- What you will do:
With the pictures omitted, transcribe each line below exactly as it is.

- Collected data:
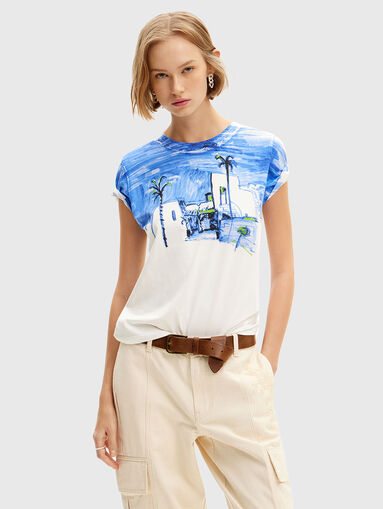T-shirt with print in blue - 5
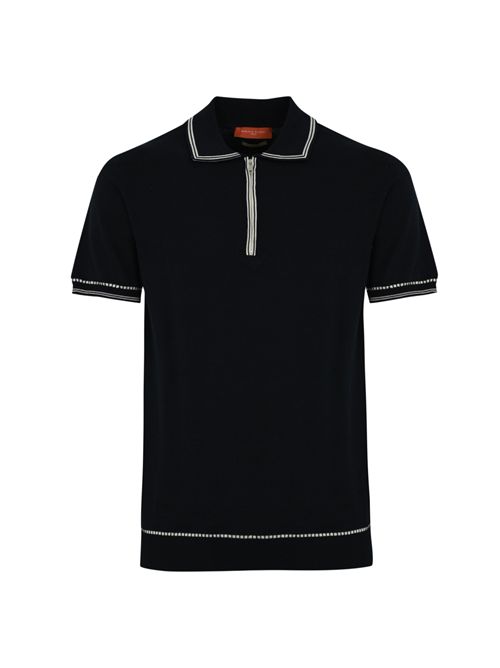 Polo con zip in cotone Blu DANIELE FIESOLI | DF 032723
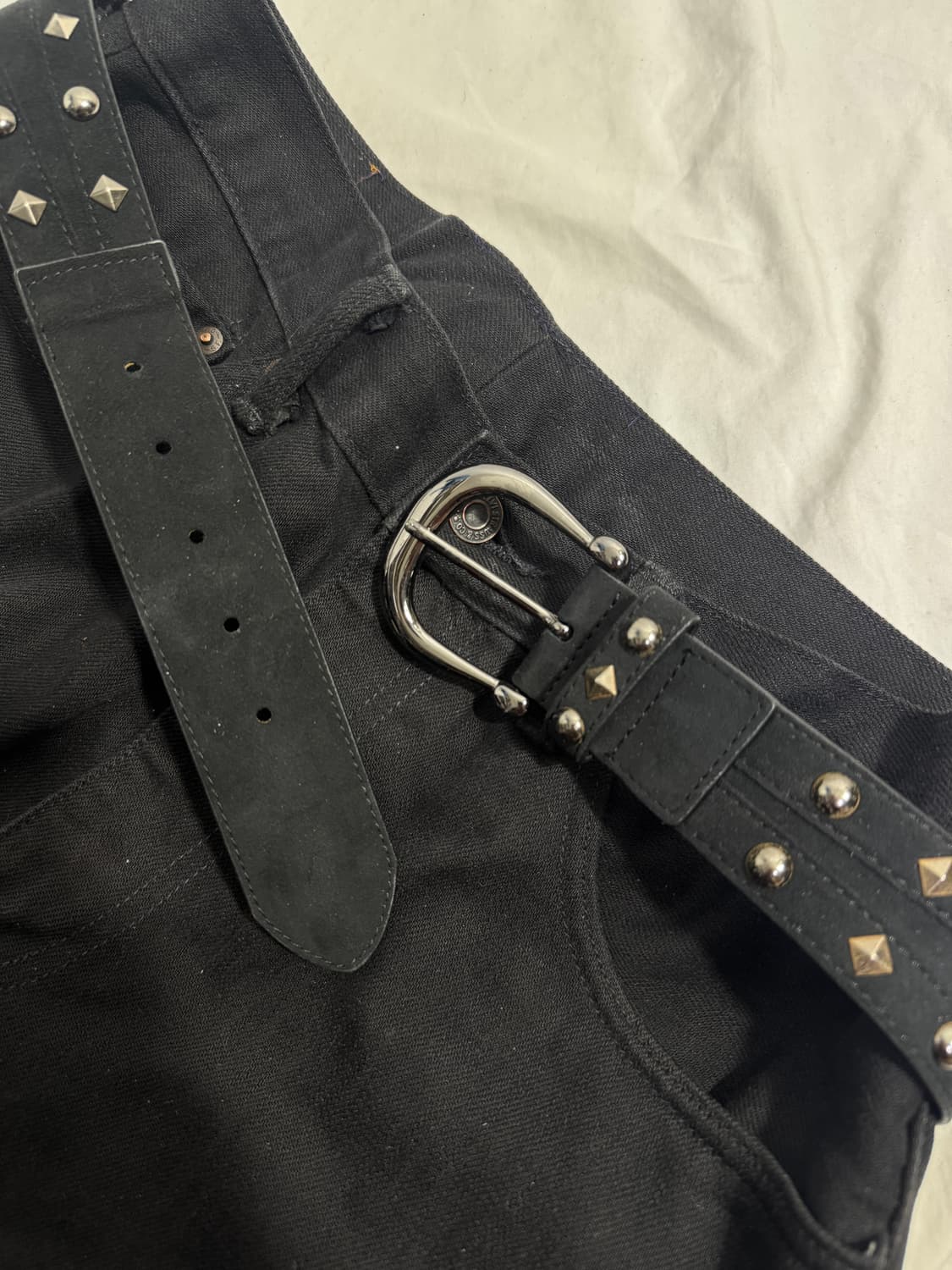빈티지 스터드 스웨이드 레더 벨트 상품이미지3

- Answer:
T-shirt with print in blue - 5
 Polo con zip in cotone Blu DANIELE FIESOLI | DF 032723
빈티지 스터드 스웨이드 레더 벨트 상품이미지3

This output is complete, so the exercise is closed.